Silence ! On dort...
vendredi 13 août 2010 11:48
Luxembourg (LUXEMBOURG) La ville s'attache à réduire les nuisances sonores nocturnes. Mais il n'est pas facile de se faire entendre...
Il y a huit mois, des ‘smileys’ ont fleuri à tous les coins de rue de Luxembourg accueillant des bars et autres discothèques. Et ce, afin d’inviter les noctambules à faire preuve d’un peu plus de respect pour les riverains qui se lèvent tôt. Des manifestations ont été organisés au sein des endroits branchés, notamment ceux situés Rives de Clausen (réhabilité, l’endroit accueille de nombreux bars), et des gadgets ont été imaginés, afin de faire passer le message. Une invitation à baisser d’un ton qui a, semble-t-il, porté ses fruits dans certaines artères de la ville. Mais pas dans les zones les plus chaudes comme dans La Vallée où les fêtards comme les professionnels n’ont pas accroché sur la durée. Six mois après le lancement, le bilan n’est donc pas terrible. Mais pas question d’en rester là.

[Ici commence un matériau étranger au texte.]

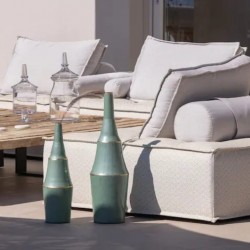Villa Dafni – Πολυτελής βίλα με infinity pool και πανοραμική θέα στο Αιγαίο, Τήνος.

Fermeture plus tardive Dès septembre, la ville lance la seconde phase de sa campagne avec pour ambition plus précise de limiter les décibels. Une charte de la vie nocturne applicable à toute la capitale a été rédigée. Elle décline notamment l’ensemble des mesures limitant le bruit, comme la pose de triple vitrage ou la fermeture des portes et fenêtres à partir de 22 heures. Des professionnels de la nuit avancent également leurs propositions, notamment celle-ci : si les fêtards font trop de bruit à 3 heures du matin, c’est parce que tous les bars ferment leurs portes trop tôt. Il suffirait donc selon eux d’autoriser ces derniers à fermer à 6 heures pour que le public quitte les lieux progressivement et limite ainsi les désagréments nocturnes. Une analyse à laquelle le bourgmestre de Luxembourg, Paul Helminger, n’est pas insensible.